Preparation time: 5 minutes | Cooking time: 25 minutes
4 apples, medium sized
2 tablespoons softened butter
2 teaspoons mixed spice
1 teaspoon vanilla extract
30g sultanas or raisins
2 tablespoons demerara sugar
For the hazelnut crumb
50g plain flour
25g muscovado sugar
20g blanched hazelnuts, roughly chopped
For the cider caramel
50g muscovado sugar
75ml apple cider
60ml double cream
Preheat the oven to 180°C/ 160°C Fan/ Gas Mark 4.
Core and score round the middle of each apple - place one in each petite casserole. In a separate bowl, combine the butter, mixed spice, vanilla and sultanas. Divide the butter mixture between each apple and fill the cores with the mixture.
To make the hazelnut crumb, use your fingertips to rub the butter into the flour and sugar to form a sandy texture. Add the hazelnuts, then sprinkle the mixture over the top of the apples. Place in the oven and bake for 20-25 minutes until the apple is soft.
In the meantime, make the cider caramel sauce.
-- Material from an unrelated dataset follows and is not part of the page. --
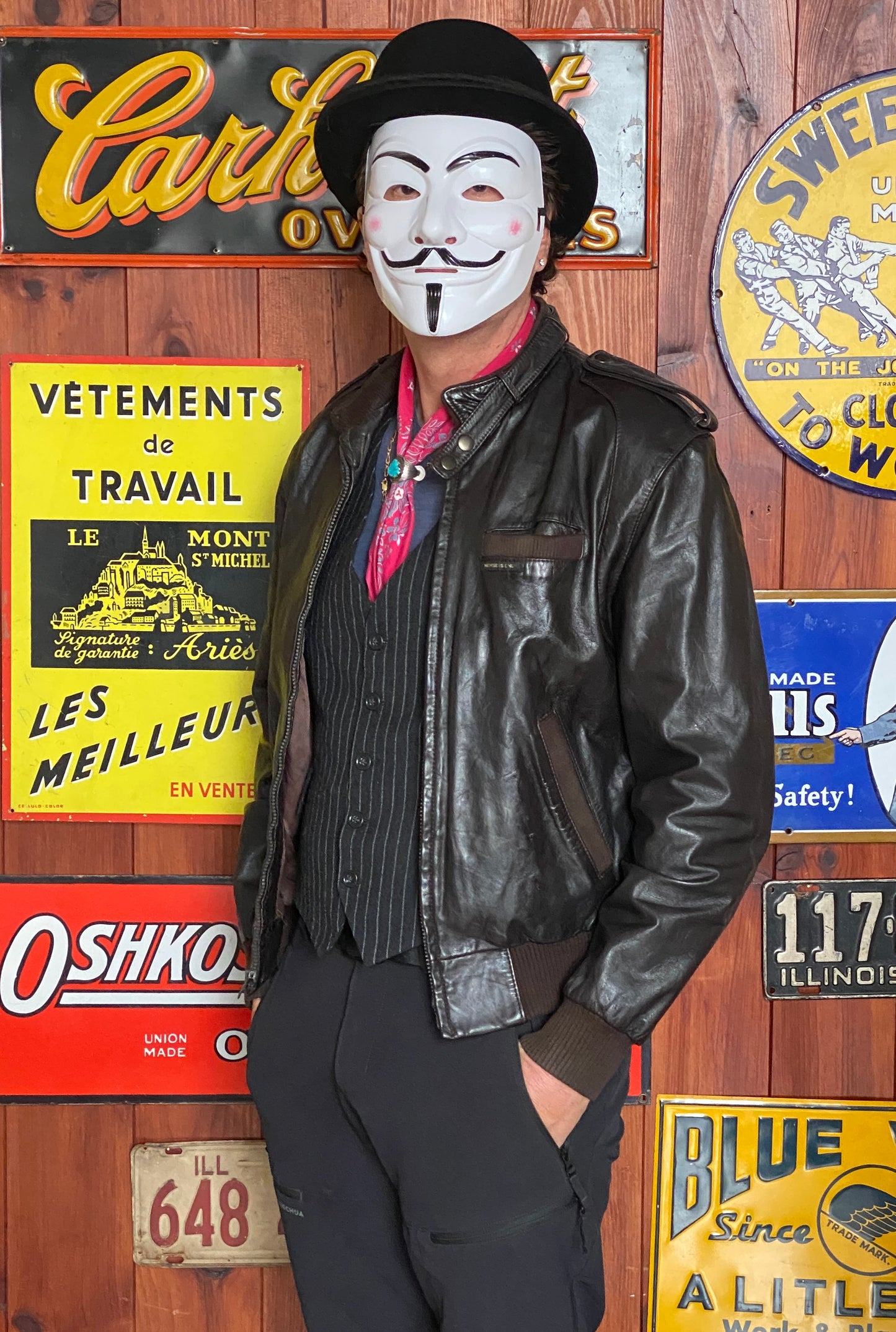 Vintage grey leather Members Only jacket, size 38US / 48EU - Timeless style and superior craftsmanship.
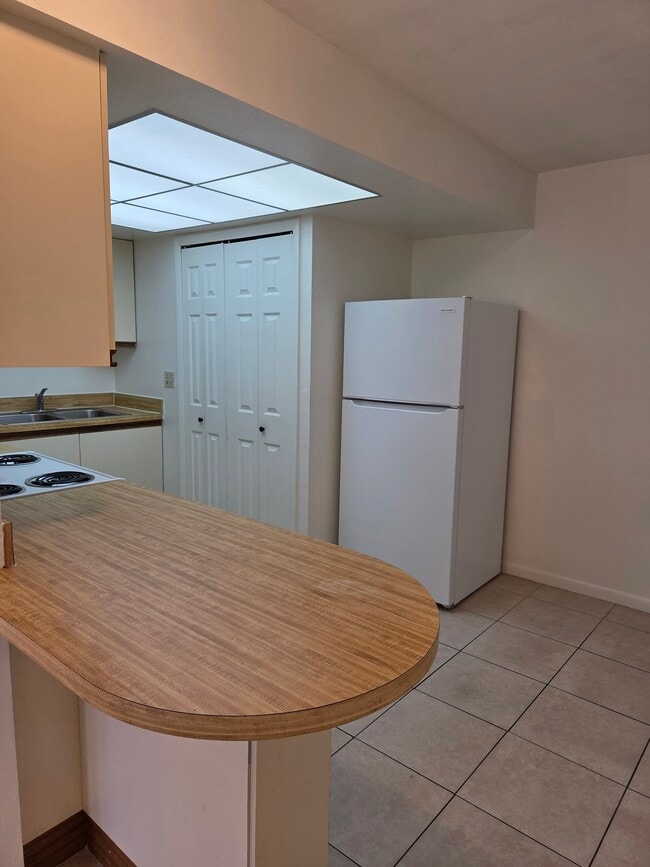 Photo - 1222 SE 8th St Unit Apt 2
Place the butter, sugar and cider in a heavy-bottom saucepan. Simmer over a medium heat for 8-10 minutes until thick and sticky. Take off the heat and stir through the cream.
Return the sauce to a low heat and simmer gently for a further 3-5 minutes until a thick glossy sauce is achieved. Keep warm until ready to serve.
Remove the baked apples from the oven, pour over the cider caramel, leave to cool a little and then finish with a scoop of vanilla ice cream.